This is because more and more users also trying to subscribe to our VIP plan and also we are seeing that the retention rate of our monthly subscriber is keep improving as well. So this is growing in a really healthy manner. So maybe Tony and Shirley can take the second question.
Okay. About the sublicense revenues, because we expect that we will transmission out of some major labels from master license, so master agreement. So we expect that the sub lessons will be increased and but our margin will be increased because we did not put the money at the front of when we signed the agreement with labels. If some the 3rd party form is not just selected from us, we will have some loss. So we expect our gross margin if we don't find the mass agreement, our margin will be raised.

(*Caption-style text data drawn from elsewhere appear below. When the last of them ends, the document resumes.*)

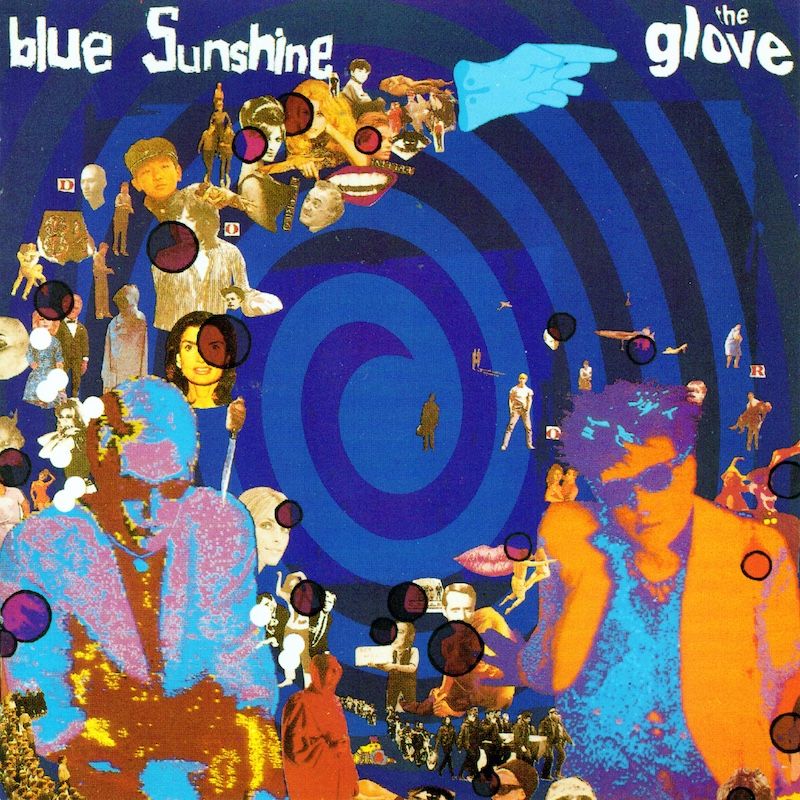 The Glove – Blue Sunshine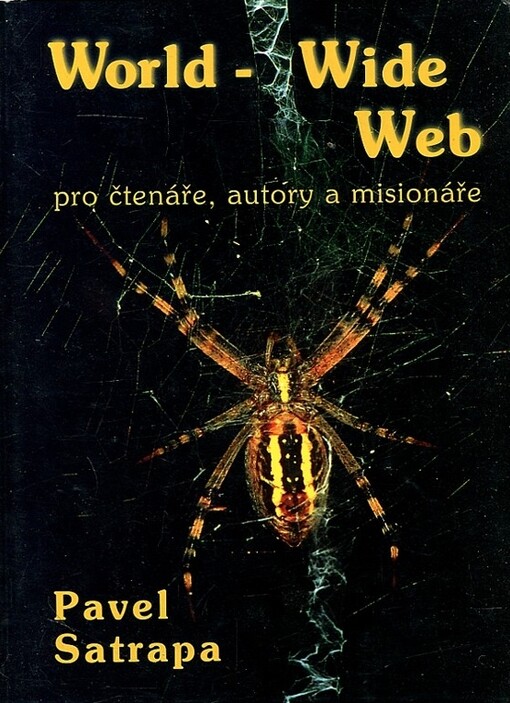 World-Wide Web pro čtenáře, autory a misionáře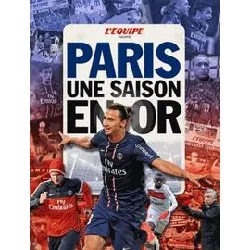 livre l’equipe raconte paris, une saison en or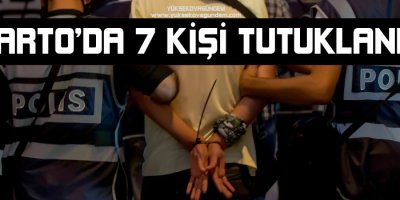 Varto'da 7 Kişi Tutuklandı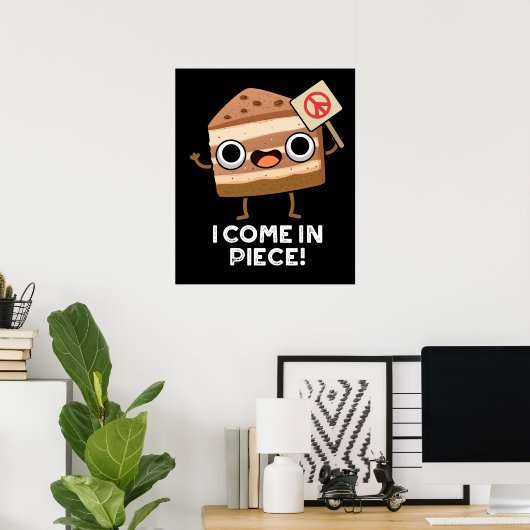 Poster Je Viens En Pièce Drôle Pun De Gâteau Dark BG (Bureau à domicile)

Yes. Just to add to that, I think you all know that last year we had signed couple of the bigger contract in the form of master licensing where we have to pay a very chunky high fee upfront that covers not only our platform's usage, but also the potential revenue that we might be able to recoup by sub licensing to other platforms. But as we all know into the second half of last year, we were not able to recoup some of that sub licensing revenue, which resulted in the loss in forgot revenue for us. Certain contracts on a master license basis, we'd be only doing so because it would be cost it will be margin accretive to us because we will no longer have to take that risk of having to pay a high upfront licensing fee not just for our platform usage but also for the 3rd party platform usage. So we no longer need to do that if we are not extending on a master license basis.
So that could potentially be a margin accretive event for us.
Thank you very much.
Okay, next question please. Yes, ma'am. That will come from John Egbert of Stifel.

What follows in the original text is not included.